Welcome back. As promised, here is the follow-up to the first installment, Why are My Backups so Big?
Switching views from the Macro to the Micro, here is a more specific example of how daily change in data may affect the size of the backups:
In one day, the following events take place:
- 2 GBs of new email are sent / received by the company. This can consist of external or internal emails.
- User X takes 500 MBs of email and puts it in a PST archive file.
- Online Maintenance / Defragmentation runs overnight on the Email Server, optimizing the storage used by the Email Server’s Database.
What the Email Server sees:
A net increase in the DB size of about 1GB
What the backups see:
A delta of 2+ GBs in the data.
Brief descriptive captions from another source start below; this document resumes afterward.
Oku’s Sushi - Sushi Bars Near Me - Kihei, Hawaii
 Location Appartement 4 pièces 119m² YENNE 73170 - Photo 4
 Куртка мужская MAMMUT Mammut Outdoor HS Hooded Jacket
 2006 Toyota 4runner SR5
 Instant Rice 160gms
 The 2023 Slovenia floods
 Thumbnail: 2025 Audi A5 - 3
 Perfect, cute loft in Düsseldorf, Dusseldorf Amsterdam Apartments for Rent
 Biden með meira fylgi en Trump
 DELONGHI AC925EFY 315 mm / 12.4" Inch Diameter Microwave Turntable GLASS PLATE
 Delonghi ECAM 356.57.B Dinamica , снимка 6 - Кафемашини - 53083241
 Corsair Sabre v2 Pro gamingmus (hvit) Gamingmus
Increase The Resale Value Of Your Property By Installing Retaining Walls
This delta is then added to the backup set for the Email Server, where it is compressed and deduplicated, resulting in a net increase of 1GB to the size of the data. The retention policy is then applied to this copy of the data.
In short, if this had to be summarized into a mathematical formula, it would be the following:
The Data I Want to Back Up + How Much the Data Changes + How Long I Want to Keep the Data x Compression and Deduplication Ratio = Size of My Backups.
So what can you do to keep the size manageable?
- Stop storing (and definitely stop backing up) junk on your systems. There are several reasons why this is a good idea. Archiving older files and emails off of your production systems is a good way to manage this. Drafting and enforcing policies for your company on what can and can’t be stored on the company’s assets is another.
- Make a business decision on how long you really need to retain backup data. Remember, backups are kept in order to restore. Do you really need to be able to restore something from 3 years earlier? If you are a bank or a publically traded company, the answer is probably yes. If not, then it’s your call.
Lastly, at some point, this needs to be accepted as a cost of doing business. In today’s day an age, we are all in the digital data business to some degree. The ability to quickly and reliably recover from deleted data, hardware failure, fire, hurricane, or other impactful event will likely determine whether or not the business will survive that event. This is the true purpose and focus of any Backup solution, and should frame the conversation when discussing the size of the data.